Nevertheless, this fetus’s socialization as a gendered being has already begun.
The Low-Hanging Fruit of Gender Socialization
“Gender socialization” is one of those terms—like “neoliberalism” or “postmodernism”—that seems to mean everything and nothing. We get the gist, sure, but when pressed to explain it in concrete terms, many of us come up short.
Low-hanging fruit includes the practice of clothing girls in pink and boys in blue (but did you know pink used to be a masculine color? ); the aforementioned gender-reveal fireworks; and the bestowal of trucks and dolls on boys and girls, respectively.
If you’re reading this newsletter, there’s a good chance you’ve reflected on such practices and perhaps tried to act differently with the children in your own life. More yellow and green and orange; less blue and pink. More Legos and picture books and stuffed animals; fewer Barbies and firetrucks. That’s great! I salute you!
The problem, as anyone who’s been to a New England apple orchard in October knows, is that after the low-hanging fruit is picked off, there’s still a whole bunch left in the tree above. And this high-hanging fruit (?) is, by definition, difficult to access—even for those of us very much on board with the ideas that genitalia are not destiny and there are (or should be) many different ways to enact one’s gender identity.

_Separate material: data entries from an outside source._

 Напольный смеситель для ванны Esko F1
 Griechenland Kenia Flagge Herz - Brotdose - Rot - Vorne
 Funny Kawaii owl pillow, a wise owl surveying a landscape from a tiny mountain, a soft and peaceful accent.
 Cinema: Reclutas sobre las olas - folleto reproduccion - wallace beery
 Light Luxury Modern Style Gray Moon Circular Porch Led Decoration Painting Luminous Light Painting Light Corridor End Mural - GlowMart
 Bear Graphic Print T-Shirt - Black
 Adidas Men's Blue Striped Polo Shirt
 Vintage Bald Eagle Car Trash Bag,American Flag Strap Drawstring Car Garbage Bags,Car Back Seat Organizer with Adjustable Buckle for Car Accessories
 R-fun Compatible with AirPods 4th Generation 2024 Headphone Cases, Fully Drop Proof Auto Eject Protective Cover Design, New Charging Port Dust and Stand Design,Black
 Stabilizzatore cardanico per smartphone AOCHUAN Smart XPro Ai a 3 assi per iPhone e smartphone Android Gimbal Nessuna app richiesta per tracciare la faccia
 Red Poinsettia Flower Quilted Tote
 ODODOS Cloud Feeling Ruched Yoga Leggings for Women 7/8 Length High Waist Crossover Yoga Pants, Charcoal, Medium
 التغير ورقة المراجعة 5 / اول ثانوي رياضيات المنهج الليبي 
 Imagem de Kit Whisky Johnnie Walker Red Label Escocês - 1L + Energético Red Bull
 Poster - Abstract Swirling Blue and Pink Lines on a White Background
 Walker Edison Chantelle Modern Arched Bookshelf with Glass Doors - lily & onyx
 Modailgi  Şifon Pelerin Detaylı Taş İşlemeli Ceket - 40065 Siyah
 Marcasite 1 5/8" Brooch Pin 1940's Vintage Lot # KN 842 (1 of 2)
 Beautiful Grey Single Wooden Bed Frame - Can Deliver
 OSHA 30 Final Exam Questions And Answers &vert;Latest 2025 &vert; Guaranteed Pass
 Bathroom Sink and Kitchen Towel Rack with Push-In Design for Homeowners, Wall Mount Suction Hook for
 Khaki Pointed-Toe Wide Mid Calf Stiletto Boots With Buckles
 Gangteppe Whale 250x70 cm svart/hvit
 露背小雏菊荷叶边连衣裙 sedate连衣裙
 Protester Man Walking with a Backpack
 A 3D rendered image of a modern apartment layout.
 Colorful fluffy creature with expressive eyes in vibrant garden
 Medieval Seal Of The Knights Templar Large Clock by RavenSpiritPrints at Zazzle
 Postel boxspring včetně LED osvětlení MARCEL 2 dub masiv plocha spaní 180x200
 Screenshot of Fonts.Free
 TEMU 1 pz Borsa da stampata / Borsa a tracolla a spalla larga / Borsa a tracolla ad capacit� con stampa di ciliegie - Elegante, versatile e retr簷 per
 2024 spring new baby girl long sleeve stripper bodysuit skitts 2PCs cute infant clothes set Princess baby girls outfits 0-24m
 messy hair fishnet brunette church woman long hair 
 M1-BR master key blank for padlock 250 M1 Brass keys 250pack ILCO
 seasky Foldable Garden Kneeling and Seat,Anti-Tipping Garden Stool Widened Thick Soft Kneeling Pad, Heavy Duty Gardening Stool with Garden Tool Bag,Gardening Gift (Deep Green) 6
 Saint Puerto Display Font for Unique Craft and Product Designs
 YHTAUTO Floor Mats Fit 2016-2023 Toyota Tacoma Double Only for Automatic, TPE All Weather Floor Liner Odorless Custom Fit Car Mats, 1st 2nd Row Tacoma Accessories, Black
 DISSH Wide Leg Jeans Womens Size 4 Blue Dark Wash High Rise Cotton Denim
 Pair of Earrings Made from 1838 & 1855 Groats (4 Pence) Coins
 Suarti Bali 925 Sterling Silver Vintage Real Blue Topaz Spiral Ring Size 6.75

This challenge hit home for me almost as soon as I was allowed to talk about my sister’s pregnancy. I knew what I would be (aunt), but in the absence of a sex determination, I had only clunky language to talk about the child-to-be: “my future niece” rolls off the tongue much easier than “my sister’s future child” or “the being to whom I will be an aunt.”
I have since learned of the gender-neutral term “nibling,” but I am not entirely sure this is a positive development. Surely we can come up with a word that does not connote a snacking mouse?
More recently, there was the undeniable fact that my mental image of the future child sharpened almost as soon as my sister sent the “it’s-a-girl” update. I can imagine “her” in a way I couldn’t imagine “the child.” I feel bad about this, and I’m working to do better. But my guilt is slightly assuaged when I remind myself what I’m up against.
In her book Framed by Gender, Cecilia Ridgeway lays out a compelling theory about why gender inequality persists. Social relations, her argument begins, require coordination among disparate individuals. And successful coordination requires those individuals to have some shared base of knowledge or understanding. The meaning of categories like gender, race, and age is a central part of such an understanding.
In our daily life, gender is often a background category rather than the focus of our conscious attention. “Specific institutional roles (teacher, student) with clear instructions for behavior are typically in the foreground of people’s definitions of self and other in a situation,” Ridgeway notes. “Background gender identities, however, import an added set of meanings that modifies how actors perform their focal institutional identities” (p. 90). Further, certain contexts (think dating, or childcare) bump those “background” identities into the foreground.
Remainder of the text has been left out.